Texte : d’après « L’Homme incertain » de Stéphanie Chaillou
Mise en scène : Julien Gosselin
Durée : 1h15

MC93 – Maison de le Culture de Seine-Saint-Denis
13 09 2018

C’est un court monologue, dit par le comédien Laurent Sauvage. Il s’agit d’un père, un agriculteur qui nous livre un retour sur sa vie. Des thèmes tels que l’enfance, le rapport à la paternité et l’évolution de la société sont abordés de manière très sombre, grave. La mise en scène est épurée : un rectangle de pelouse encadré de néons qui délimitent un champ, un jardin ou un terrain de foot parfois noyé dans une fumée et une bande-son assourdissantes.

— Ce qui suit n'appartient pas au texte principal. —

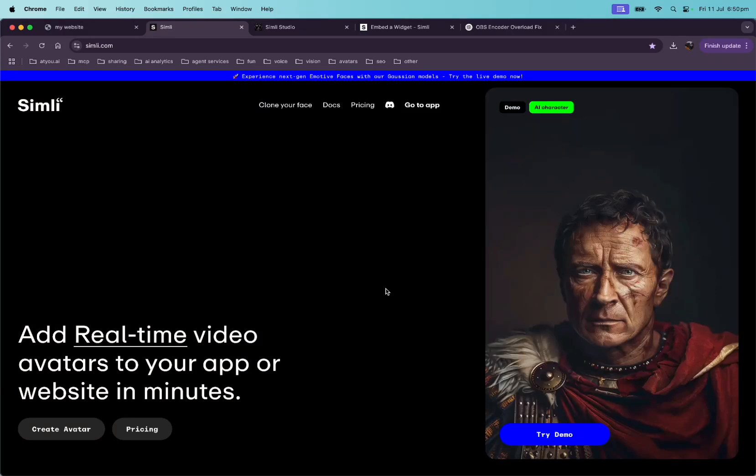Simile is a real-time video avatar company that gives you the ability to add a talking face to AI voices. I've done videos on Simile in the past building voice agents with LiveKit and PipeCat. Today I'm going to show you Simile's new Gaussian models they just released and how to easily add them to your website with very little programming effort.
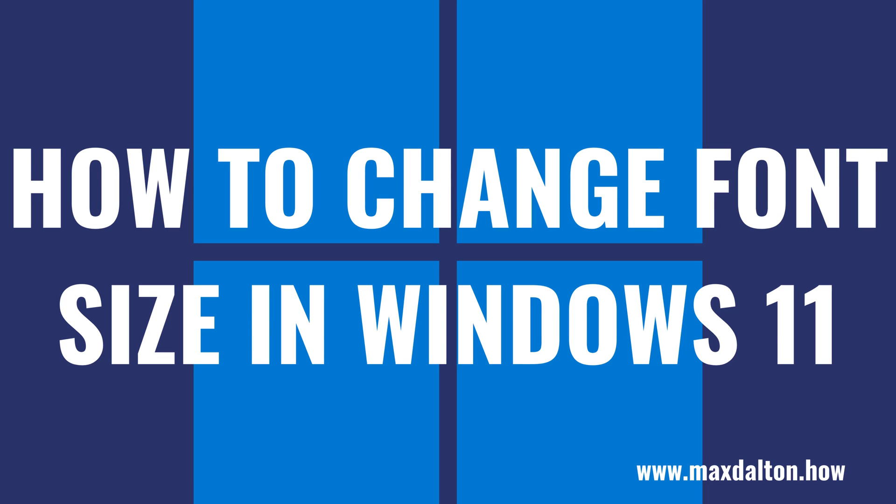What's up, everyone. I'm Max Dalton, and in this video I'll show you how to change the font size in Windows 11.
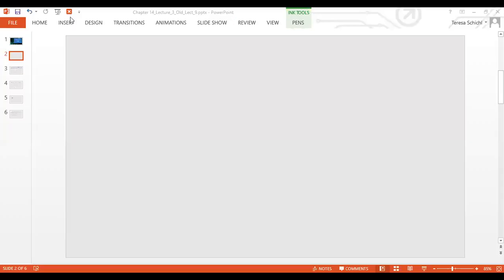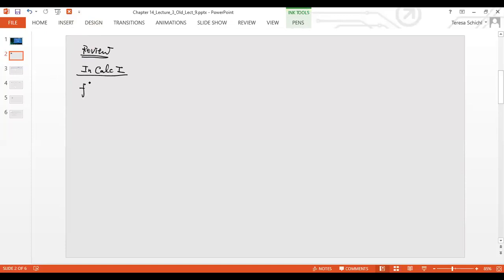Before we start, I'd like to give a little review of what we did. This is very similar to what we did in Calculus 1. So let's take a look at chapter one. If you still remember, in chapter one we said f prime of x. We define f prime x as the limit as h approaches zero of f(x+h) minus f(x) over h. This is how we define the derivative of a function.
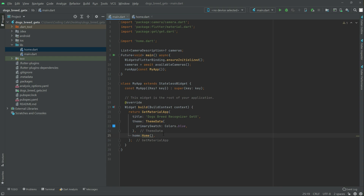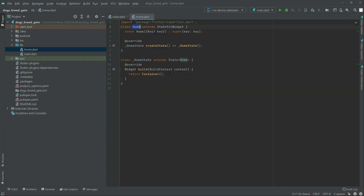Now we will simply go to home.dart, and from the next video we will start working in home.dart. That's it for this video, thank you.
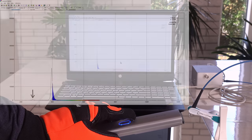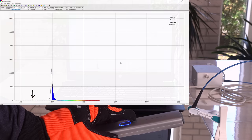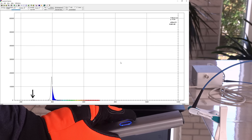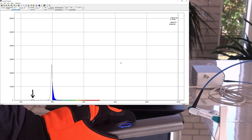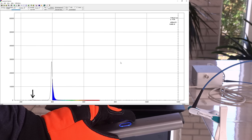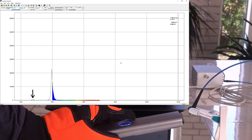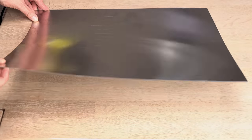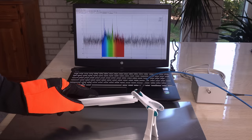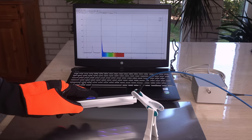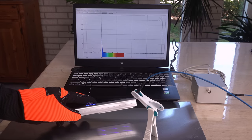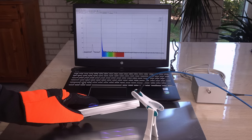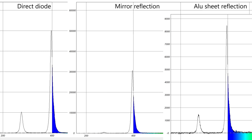Some UVC is reflected, but not nearly as well as the UVA. A less specular aluminum sheet has a reflection that looks almost like the spectrum directly from the diode. The mirror seems to absorb the UVC. Can you guess why? More info later.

Un jour j’ai rêvé d’être toi

Texte : Anaïs Muller
Mise en scène : Anaïs Muller et Bertrand Poncet
Durée : 1h15

Avignon (off) – Théâtre du train bleu
21 07 2018

Il s’agit d’une conversation entre deux comédiens : Ange (Anaïs Muller) et Bert (Bertrand Poncet) au cours de laquelle plusieurs sujets sont abordés comme les difficultés du métier d’acteur ou la connaissance de soi même. Les deux amis discutent sans se comprendre parfois ni totalement s’écouter, ils se font répéter aussi. On saisit peu à peu que certains de leurs rêves se sont fanés mais cela ne les empêche pas de faire preuve de beaucoup d’humour. À quoi bon rêver d’être quelqu’un d’autre si on ne sait pas qui on est déjà?

De dingen die voorbijgaan (Les choses qui passent)

Texte : d’après Louis Couperus
Mise en scène : Ivo van Hove
Durée : 2h10

Avignon (in) – Cour du Lycée Saint Joseph
20 07 2018

La pièce raconte l’histoire d’une famille dont les terribles secrets remontent à la surface. Dans une atmosphère pesante les personnages se livrent et confient qu’ils ne se sont jamais remis des atrocités commises, il y a 60 ans au sein du cercle familiale. L’horloge installée en fond de scène rythme les différents tableaux. Son tic tac écrasant nous fait ressentir la peur du temps qui passe et semble étrangler tous les personnages.

Nous sommes les petites filles des sorcières que vous n’avez pas pu brûler

Texte : Christine Delmotte
Mise en scène : Christine Delmotte
Durée : 1h15

Avignon (off) – l’Épiscène
20 07 2018

La bataille des suffragettes en Angleterre pour le droit de vote, les féministes en France et leur combat pour le droit à l’avortement, l’histoire de la jeune Malala qui se bat pour le droit à l’éducation des filles et les Femens en Ukraine contre la dictature : quatre faits historiques contés par quatre comédiennes qui incarnent tour à tour des personnages clés dans le combat pour les droits des femmes. L’histoire avance mais parfois elle recule. C’est que nous montre cette pièce, avec les moyens du bord en terme de scénographie mais le discours est là.